Aer Lingus dispute may cause disruptions
AER LINGUS passengers could face disruption in coming weeks after talks aimed at finding a solution to the €748 million hole in an aviation workers’ pension plan were suspended last night.
The airline met trade union representatives at the Labour Relations Commission (LRC) yesterday in the latest bid to find a way of plugging the €748 million shortfall in the Irish Airlines Superannuation Scheme (IASS), operated jointly by Aer Lingus, Dublin Airport Authority (DAA) and SR Technics.
The LRC adjourned talks between the airline and the unions “indefinitely” to allow the unions to clarify a claim that the DAA had offered a deal involving paying retiring workers 85 per cent of final incomes.
After yesterday’s meeting, the biggest union involved, Siptu, said that industrial action was the only option remaining for workers at the airline, which it said had already refused to go to the Labour Court.
The airline said it was disappointed at the lack of progress. “Aer Lingus believes that today’s discussions have been overshadowed and hampered by an interpretation by union groups that a proposal targeting ‘85 per cent of final incomes’ has been agreed with the DAA,” the company’s statement said.
It emerged last week that a memo circulated by trade union Impact stated that the DAA offered to pay €55 million into workers’ pension pots and could receive payments of 78 per cent of final income on retirement.
However, the authority subsequently denied that it had made a €55 million offer to trade unions and said in a statement that its position was aligned with Aer Lingus.
The DAA is due to meet unions next week.
Aer Lingus said yesterday that the DAA had confirmed to it directly that its offer to unions did not involve “any such” level of pension coverage.
“We encourage the union groups and the DAA to resume their discussions to clarify their positions,” the airline said.
“We continue to seek to achieve a fair outcome that improves the pension prospects of affected IASS members in a way that will balance the interests of all parties including shareholders.”
Aer Lingus said that it remained available to resume talks and added that the LRC was the appropriate forum for this.
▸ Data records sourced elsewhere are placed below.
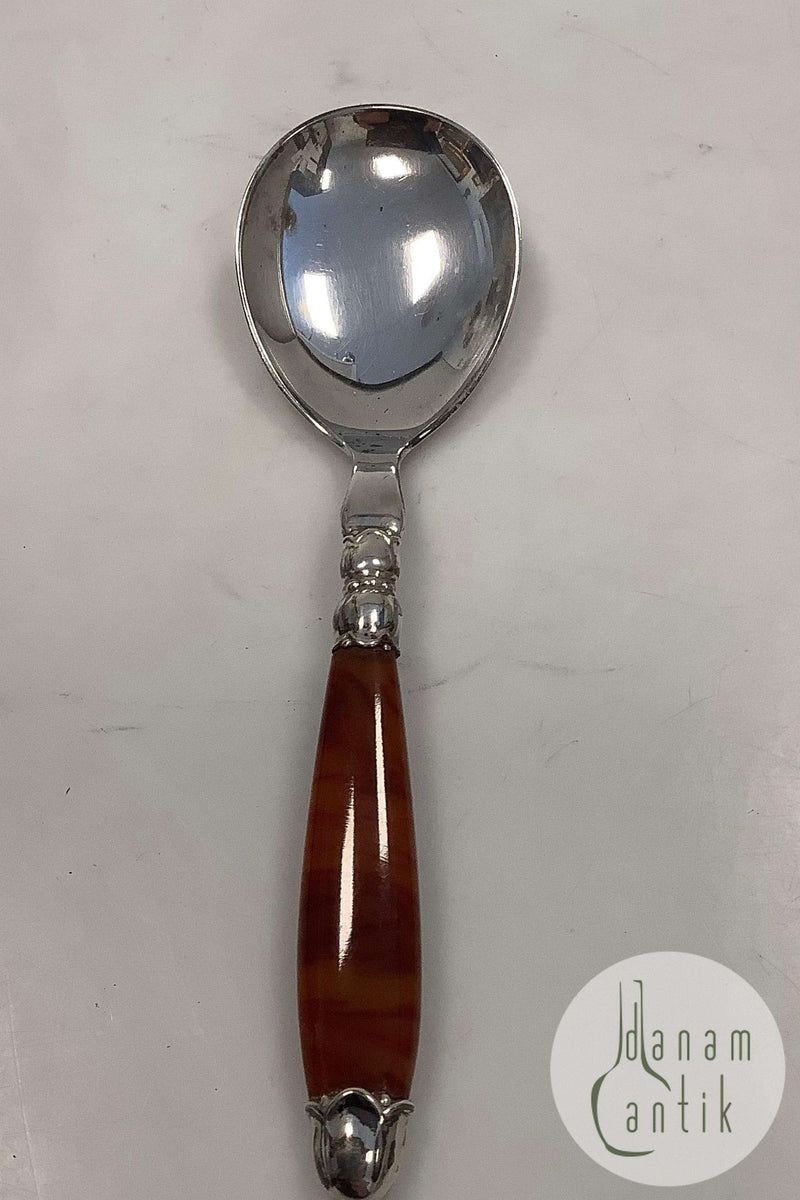 Dansk Ornamental Servingsske med skaft af Immitations Rav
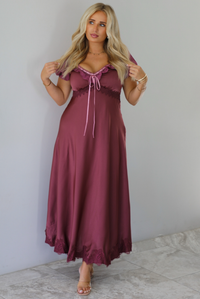 A woman modeling a long, burgundy maxi dress with short puff sleeves, a lace-up sweetheart neckline, and a flowing satin-like skirt, standing indoors against a white wall with white marble flooring. 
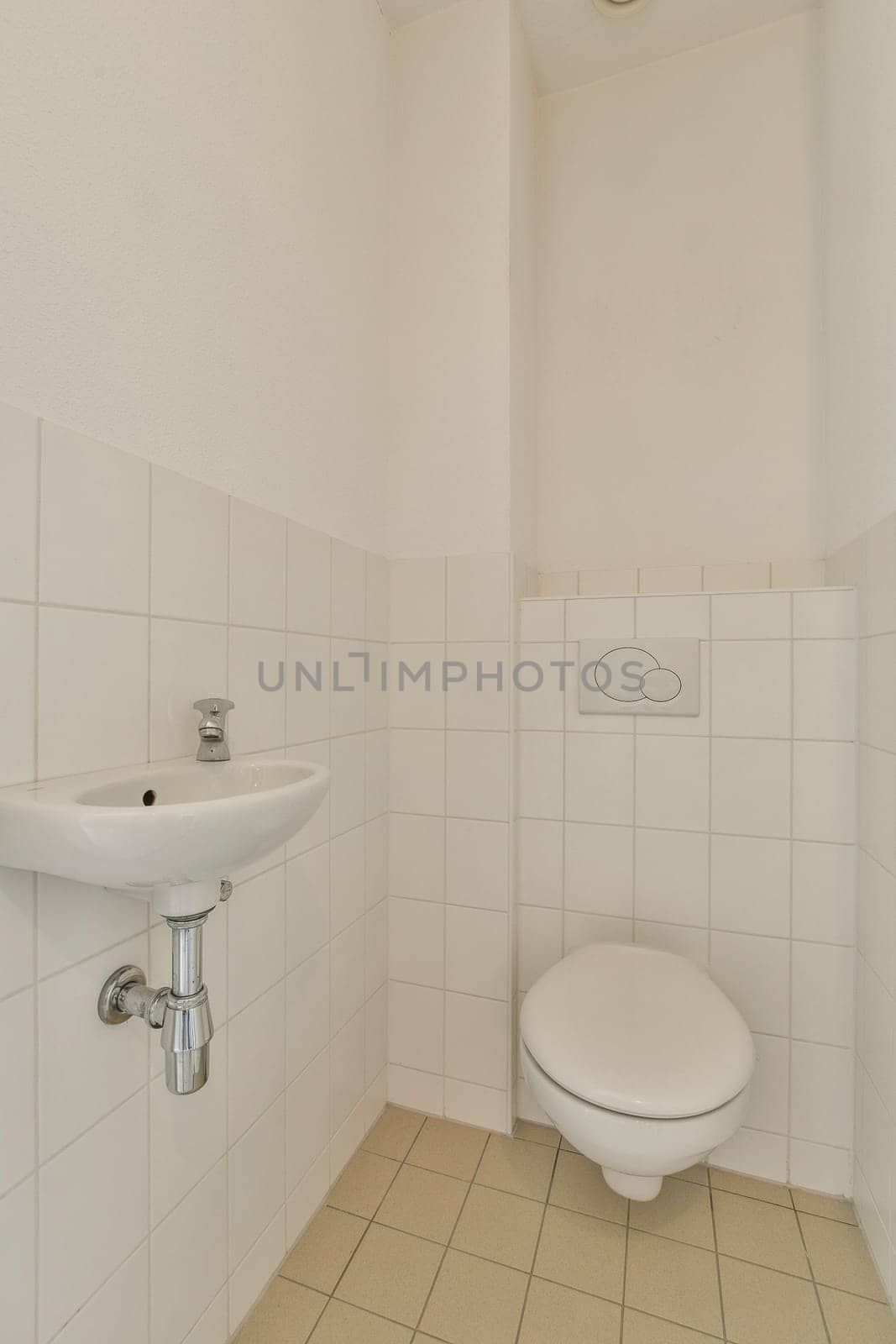 a bathroom with white tiles on the walls, and a toilet bowl in the corner next to the sink basin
The parties have been wrestling with the pension issue for some time.
It emerged last month that the scheme had a €748 million deficit at the end of May.
According to a document circulated last month, in the event of the scheme being wound up, the trustee would purchase guaranteed annuities to secure pensions in payment, but active and deferred members would receive only 15 per cent of the statutory entitlement.
Employers had proposed that the IASS scheme be frozen. They wanted the trustees to adjust accrued benefits for active and deferred members while also purchasing sovereign annuities for current and future pensioners.
This was recommended by the LRC, with a few amendments.